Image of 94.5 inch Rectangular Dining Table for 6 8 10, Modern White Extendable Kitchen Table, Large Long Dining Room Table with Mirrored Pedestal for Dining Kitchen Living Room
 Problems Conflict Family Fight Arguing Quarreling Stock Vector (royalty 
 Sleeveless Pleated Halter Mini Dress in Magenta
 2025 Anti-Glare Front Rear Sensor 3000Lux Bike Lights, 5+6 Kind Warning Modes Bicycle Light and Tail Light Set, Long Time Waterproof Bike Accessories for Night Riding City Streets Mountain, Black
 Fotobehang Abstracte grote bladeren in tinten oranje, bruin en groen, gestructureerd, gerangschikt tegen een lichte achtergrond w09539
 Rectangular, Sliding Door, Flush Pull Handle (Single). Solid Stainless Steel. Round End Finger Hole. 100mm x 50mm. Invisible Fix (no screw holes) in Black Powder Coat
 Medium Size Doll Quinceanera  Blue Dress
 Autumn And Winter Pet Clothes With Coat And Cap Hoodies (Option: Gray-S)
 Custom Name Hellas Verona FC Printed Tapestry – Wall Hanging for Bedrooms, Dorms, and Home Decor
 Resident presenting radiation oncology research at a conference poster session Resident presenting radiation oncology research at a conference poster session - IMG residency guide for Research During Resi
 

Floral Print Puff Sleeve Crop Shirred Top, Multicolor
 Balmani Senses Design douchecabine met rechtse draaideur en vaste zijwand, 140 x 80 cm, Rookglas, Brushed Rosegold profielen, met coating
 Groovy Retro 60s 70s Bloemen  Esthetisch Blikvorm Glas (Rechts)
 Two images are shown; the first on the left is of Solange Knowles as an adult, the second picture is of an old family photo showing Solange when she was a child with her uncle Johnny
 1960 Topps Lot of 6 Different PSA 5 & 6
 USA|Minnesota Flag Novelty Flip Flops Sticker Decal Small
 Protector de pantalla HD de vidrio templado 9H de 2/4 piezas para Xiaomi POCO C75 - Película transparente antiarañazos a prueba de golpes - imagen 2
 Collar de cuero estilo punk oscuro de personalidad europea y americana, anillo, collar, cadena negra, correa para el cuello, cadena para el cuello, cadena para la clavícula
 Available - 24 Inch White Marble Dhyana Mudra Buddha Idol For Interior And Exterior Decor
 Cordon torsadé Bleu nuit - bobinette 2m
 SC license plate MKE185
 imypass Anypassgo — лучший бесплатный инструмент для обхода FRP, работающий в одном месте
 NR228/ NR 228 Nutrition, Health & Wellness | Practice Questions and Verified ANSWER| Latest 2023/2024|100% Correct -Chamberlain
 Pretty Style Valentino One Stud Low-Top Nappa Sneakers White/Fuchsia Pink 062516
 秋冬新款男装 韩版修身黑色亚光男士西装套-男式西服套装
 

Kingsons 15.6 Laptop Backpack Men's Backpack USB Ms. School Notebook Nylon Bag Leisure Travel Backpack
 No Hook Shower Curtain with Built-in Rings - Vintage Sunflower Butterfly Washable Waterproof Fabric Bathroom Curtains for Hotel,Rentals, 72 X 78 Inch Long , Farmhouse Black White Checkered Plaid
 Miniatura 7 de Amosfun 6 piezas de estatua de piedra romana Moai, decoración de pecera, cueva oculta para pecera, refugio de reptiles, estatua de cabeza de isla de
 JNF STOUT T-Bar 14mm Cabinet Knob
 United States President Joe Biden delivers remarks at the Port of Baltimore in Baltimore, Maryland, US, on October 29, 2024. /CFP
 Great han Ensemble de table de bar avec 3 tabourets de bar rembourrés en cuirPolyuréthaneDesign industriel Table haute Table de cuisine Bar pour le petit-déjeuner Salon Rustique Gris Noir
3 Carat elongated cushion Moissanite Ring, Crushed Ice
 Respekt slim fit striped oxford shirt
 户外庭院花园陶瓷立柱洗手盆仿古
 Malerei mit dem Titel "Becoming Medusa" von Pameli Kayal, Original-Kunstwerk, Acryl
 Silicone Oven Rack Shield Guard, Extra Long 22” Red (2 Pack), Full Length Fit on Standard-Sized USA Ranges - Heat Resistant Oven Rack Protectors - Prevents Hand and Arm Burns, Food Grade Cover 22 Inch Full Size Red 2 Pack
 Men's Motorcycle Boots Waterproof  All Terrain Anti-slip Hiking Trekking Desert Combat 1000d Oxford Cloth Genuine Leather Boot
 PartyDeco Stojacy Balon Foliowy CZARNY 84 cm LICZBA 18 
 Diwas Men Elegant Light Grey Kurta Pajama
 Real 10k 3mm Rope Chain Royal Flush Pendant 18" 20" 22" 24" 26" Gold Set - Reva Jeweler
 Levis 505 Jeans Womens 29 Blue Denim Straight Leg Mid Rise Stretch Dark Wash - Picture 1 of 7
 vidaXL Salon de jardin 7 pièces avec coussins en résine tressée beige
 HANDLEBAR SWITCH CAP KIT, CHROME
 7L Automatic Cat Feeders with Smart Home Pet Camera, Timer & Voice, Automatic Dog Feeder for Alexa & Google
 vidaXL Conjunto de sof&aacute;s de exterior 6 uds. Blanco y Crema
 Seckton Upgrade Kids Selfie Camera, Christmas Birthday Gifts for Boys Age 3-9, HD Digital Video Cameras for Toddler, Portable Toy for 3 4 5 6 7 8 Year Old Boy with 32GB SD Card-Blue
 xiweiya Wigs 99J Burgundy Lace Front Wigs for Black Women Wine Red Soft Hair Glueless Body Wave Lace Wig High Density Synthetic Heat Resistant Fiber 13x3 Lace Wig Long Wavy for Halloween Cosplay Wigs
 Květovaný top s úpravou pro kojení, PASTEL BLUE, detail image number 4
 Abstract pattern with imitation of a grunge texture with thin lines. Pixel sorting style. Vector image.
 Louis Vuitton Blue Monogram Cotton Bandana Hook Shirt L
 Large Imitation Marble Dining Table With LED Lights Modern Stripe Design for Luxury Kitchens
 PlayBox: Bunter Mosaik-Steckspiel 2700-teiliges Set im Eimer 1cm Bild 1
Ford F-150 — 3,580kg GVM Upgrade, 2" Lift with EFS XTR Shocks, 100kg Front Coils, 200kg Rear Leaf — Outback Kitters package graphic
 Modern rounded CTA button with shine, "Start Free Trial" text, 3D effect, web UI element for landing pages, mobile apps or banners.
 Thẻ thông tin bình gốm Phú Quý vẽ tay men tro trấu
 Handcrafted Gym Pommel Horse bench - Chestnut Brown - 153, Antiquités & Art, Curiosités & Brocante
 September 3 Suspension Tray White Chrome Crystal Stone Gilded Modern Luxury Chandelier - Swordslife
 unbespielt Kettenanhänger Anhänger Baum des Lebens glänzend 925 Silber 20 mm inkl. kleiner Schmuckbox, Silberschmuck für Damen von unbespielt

________________

- **TRY IT**
Every line above from the line with "Floral Print Puff" to the line with "NR228/ NR 228" is wanted, ends included; write them out exactly and add no other line.

- **ANSWER TO THIS EXERCISE**
Floral Print Puff Sleeve Crop Shirred Top, Multicolor
 Balmani Senses Design douchecabine met rechtse draaideur en vaste zijwand, 140 x 80 cm, Rookglas, Brushed Rosegold profielen, met coating
 Groovy Retro 60s 70s Bloemen  Esthetisch Blikvorm Glas (Rechts)
 Two images are shown; the first on the left is of Solange Knowles as an adult, the second picture is of an old family photo showing Solange when she was a child with her uncle Johnny
 1960 Topps Lot of 6 Different PSA 5 & 6
 USA|Minnesota Flag Novelty Flip Flops Sticker Decal Small
 Protector de pantalla HD de vidrio templado 9H de 2/4 piezas para Xiaomi POCO C75 - Película transparente antiarañazos a prueba de golpes - imagen 2
 Collar de cuero estilo punk oscuro de personalidad europea y americana, anillo, collar, cadena negra, correa para el cuello, cadena para el cuello, cadena para la clavícula
 Available - 24 Inch White Marble Dhyana Mudra Buddha Idol For Interior And Exterior Decor
 Cordon torsadé Bleu nuit - bobinette 2m
 SC license plate MKE185
 imypass Anypassgo — лучший бесплатный инструмент для обхода FRP, работающий в одном месте
 NR228/ NR 228 Nutrition, Health & Wellness | Practice Questions and Verified ANSWER| Latest 2023/2024|100% Correct -Chamberlain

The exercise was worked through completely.